Security of Programmable Logic Controllers and Related Systems: Today and Tomorrow
Authors: Wael Alsabbagh and Peter Langendörfer
Abstract:
Programmable Logic Controllers (PLCs) are essential for automating and controlling industrial processes within Industrial Control Systems (ICSs) and critical infrastructures. However, connecting PLCs to external networks, such as the Internet, introduces significant cybersecurity challenges and exposes these systems to malicious attacks. This article reviews current research on PLC security, addressing the limitations of prior studies that often overlooked specific PLC vulnerabilities and focused mainly on system-level threats. We classify and analyze PLC-related systems based on disclosed vulnerabilities, potential threats, and proposed security solutions, using data from the Common Vulnerabilities and Exposures (CVE) database and the Industrial Control Systems Cyber Emergency Response Team (ICS-CERT).

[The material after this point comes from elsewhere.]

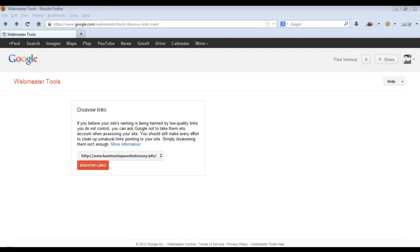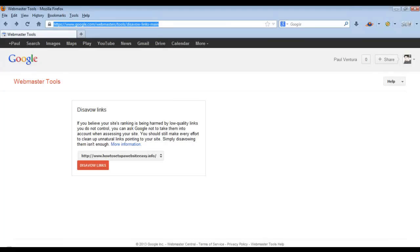So basically, you need to have a Google Webmaster Tools account — I'll create a link in the description of this video to show how to go about doing that. But once you have your site added into your Google Webmaster Tools account, you can add in all of your various websites that you own. Then come up to this URL: webmasters/tools/disavow-links-main. They're going to have a whole list of all of your sites.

Our findings indicate a significant rise in both the number and complexity of reported PLC vulnerabilities and advisories, highlighting the evolving nature of cyber threats. Common issues include stack-based overflows, improper input validation, and inadequate access control, along with PLC-specific vulnerabilities in program verification, firmware, and memory. Adversaries exploit these weaknesses to conduct sophisticated attacks, such as command injection, control logic injection, firmware modification, and memory corruption. We emphasize the need for robust security measures tailored to both system-level and PLC-specific requirements, especially for ICSs that require real-time responses and high availability. We discuss the challenges faced by engineers and researchers in implementing effective security solutions, including code verification, firmware investigation, traffic monitoring, and suspicious state checking. Additionally, we explore how digital forensic techniques can enhance PLC security by detecting and mitigating attacks early.
In conclusion, we offer targeted recommendations for PLC manufacturers, researchers, and engineers to improve the security of future PLC designs and operational systems. Our review aims to bridge existing research gaps and contribute to the development of more secure PLCs, thereby protecting critical infrastructures and industrial control systems from escalating cyber threats.